Net financing to the private sector recorded an annual growth of 4.4%1 during the quarter (1Q 2021: 4.7%). Outstanding loan growth moderated to 3.6% while outstanding corporate bond2 growth increased to 6.9%. Outstanding business loans recorded an annual growth of 1.3% amid slower outstanding investment-related3 loan growth. Nonetheless, outstanding working capital3 loan growth increased during the quarter. For households, loan demand continued to be forthcoming, particularly for the purchase of residential property.

While the near-term growth outlook has been affected by the recent resurgence in COVID-19 cases, the Malaysian economy remains on a recovery path 

The Malaysian economy remains on a recovery path in 2021. While the resurgence of COVID-19 cases and the re-imposition of nationwide containment measures are expected to weigh on growth, the impact will be cushioned by several factors. These include continued allowances for essential economic sectors to operate, higher adaptability to remote work, as well as increased automation and digitalisation. Growth will be further supported by policy measures, which will provide cash flow support, particularly for affected households and businesses. Going forward, the growth trajectory will depend on the ability to contain the epidemic and materialisation of health outcomes from the nationwide vaccination programme. This will allow economic sectors to gradually reopen and provide some lift to household and business sentiments.

Thus, in projecting the revised growth range for the year, the Bank took into account the latest global economic developments, the implementation of the first phase of the National Recovery Plan (NRP), and assumptions on the gradual transitions to the second, third and fourth phases for each state based on the pace of vaccination rollouts, and healthcare system capacities. Against this backdrop, the Malaysian economy is projected to expand between 3.0% and 4.0% in 2021. The new growth projections are lower compared to the previously-announced growth range4, due in large part to the re-imposition of nationwide containment measures.
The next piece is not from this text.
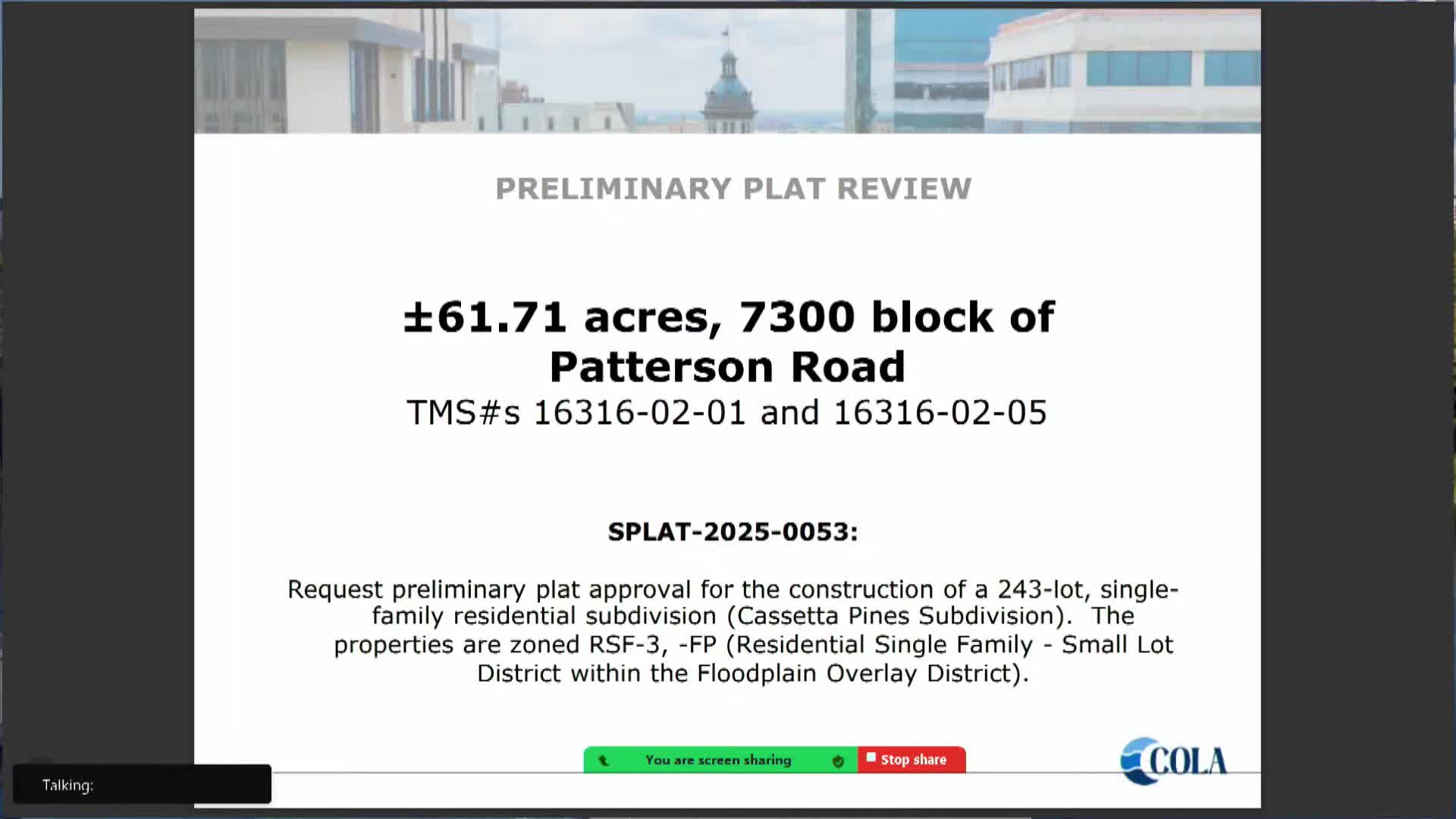 Planning commission defers 243‑lot Caseta Pines subdivision after traffic and outreach concerns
Nevertheless, the expected re-opening of the economy would support a gradual recovery in the fourth quarter this year, with higher global growth and sustained policy support providing a further lift to economic growth. The recovery is expected to accelerate further going into 2022, supported by a gradual normalisation of economic activities as well as the positive spillovers from continued improvement in external demand.



Emphasising the domestic immunisation programme, Governor Datuk Nor Shamsiah explained “Malaysia’s growth recovery is expected to broadly resume in the later part of the second half of 2021 and improve going into 2022. A key catalyst for economic reopening and a driver of positive sentiment will be the continued progress and effectiveness of the national vaccination programme, which would alleviate the strain on healthcare system capacity and allow for the relaxation of containment measures. In addition, growth will be further supported by the ramp-up in commodity production, some materialisation of pent-up demand, and continued investment in large-scale infrastructure projects following lifting of restrictions.”


In the near term, headline inflation is projected to moderate as the base effect from fuel prices dissipates. For 2021 as a whole, headline inflation is expected to average between 2.0% and 3.0%. Underlying inflation, as measured by core inflation, is expected to remain subdued, averaging between 0.5% and 1.5% for the year, amid continued spare capacity in the economy.